• **EXERCISE BRIEF**
Please print, exactly, only the lines in the entries below from the line that has "Use Control Cavity" through the line that has "Pretty stock standard". Pictures don't go in.

╭─ STORED DATA

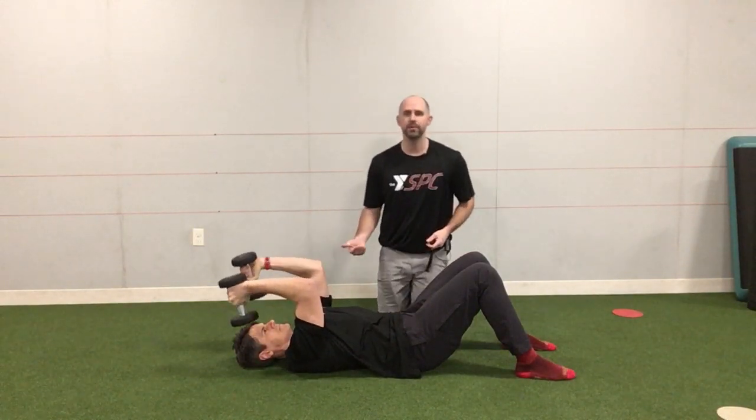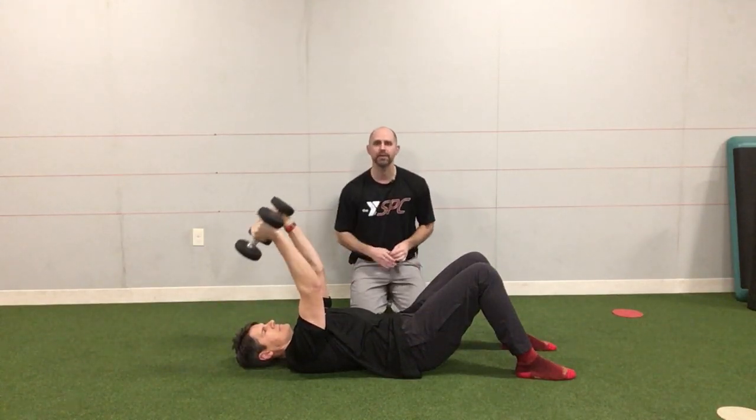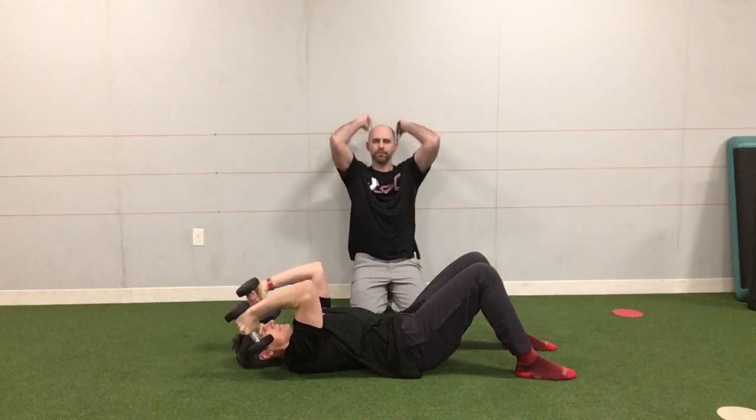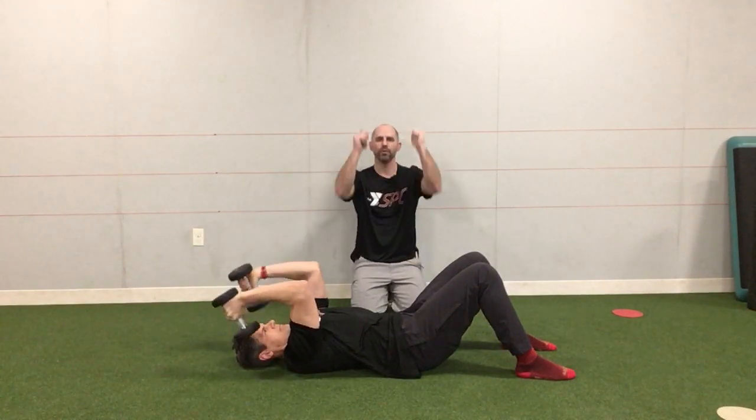He's going to bend his elbows to about 90 degrees and then straighten them back up. What we should feel is tension running through the back of the arm. We don't want the elbows moving forward and backward during this — we're trying to keep them in a fixed position, and the hands stay neutral the whole time.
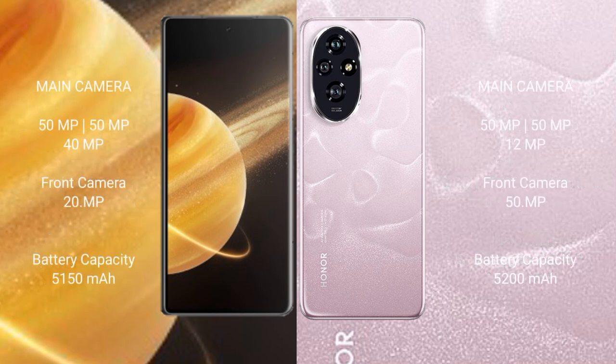Honor Magic V3 features a triple rear camera setup: 50 megapixel plus 50 megapixel plus 40 megapixel, and a 20 megapixel front camera. Honor 200 features a triple rear camera setup: 50 megapixel plus 12 megapixel, and a 50 megapixel front camera. Honor Magic V3 has a 5150mAh battery with 66-watt fast charging support.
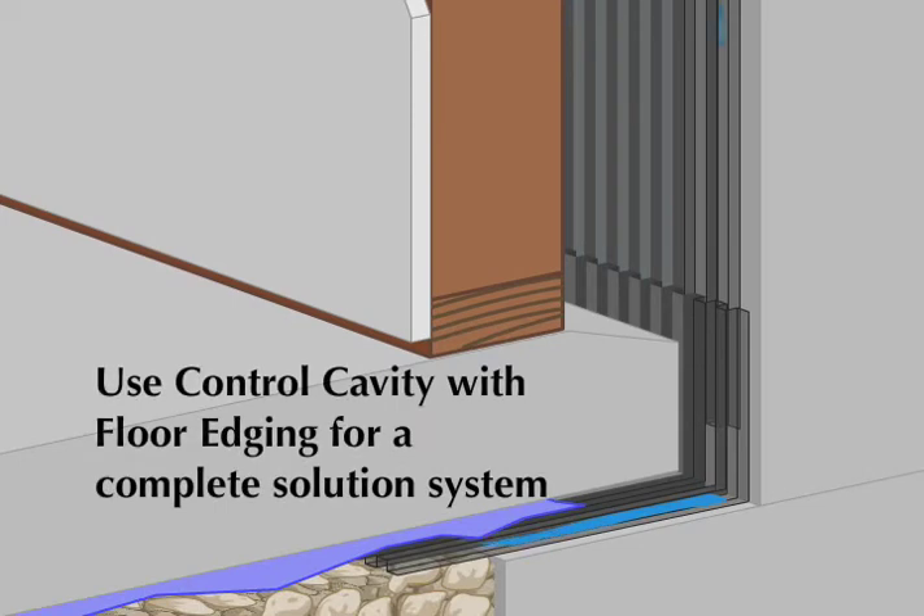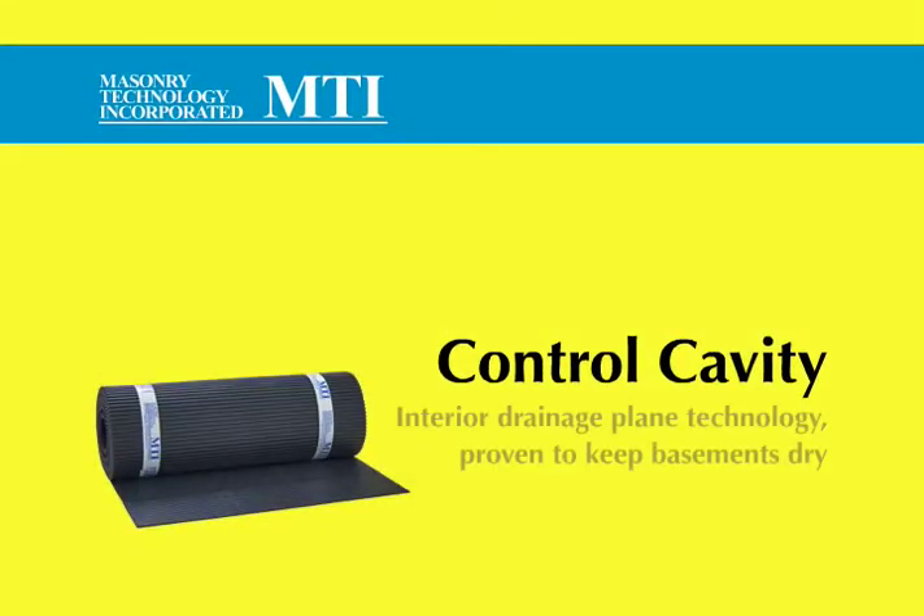Use Control Cavity with Floor Edging from MTI for a complete basement solution system. Control Cavity from MTI — Interior Drainage Plane Technology, proven to keep basements dry.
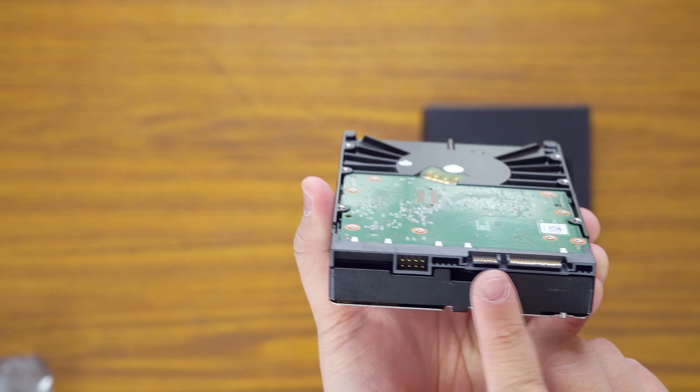Pretty stock standard hard drive. You've got your pins, you have your SATA and SATA power cable connections, and that's pretty much it. It's quite thick, quite heavy — I mean, it is six terabytes.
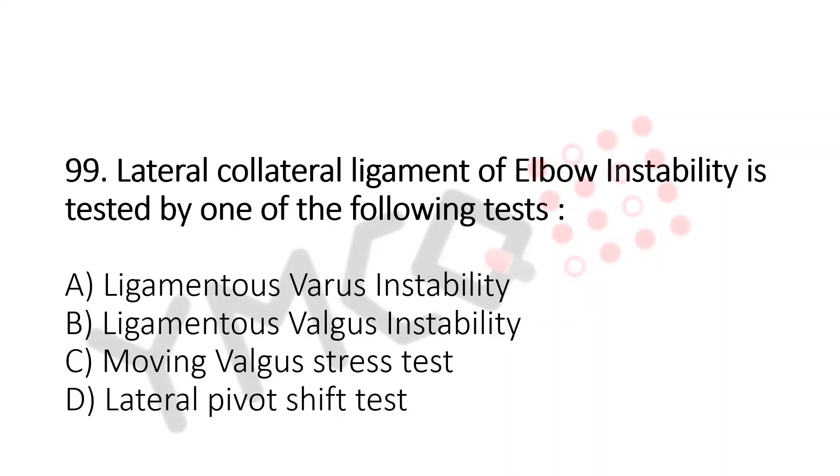Lateral collateral ligament of elbow instability is tested by one of the following tests. A. Ligamentous varus instability. B. Ligamentous valgus instability. C. Moving valgus stress test. D. Lateral pivot shift test.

╰─

• **REPLY TO THE EXERCISE**
Use Control Cavity with Floor Edging from MTI for a complete basement solution system. Control Cavity from MTI — Interior Drainage Plane Technology, proven to keep basements dry.
Pretty stock standard hard drive. You've got your pins, you have your SATA and SATA power cable connections, and that's pretty much it. It's quite thick, quite heavy — I mean, it is six terabytes.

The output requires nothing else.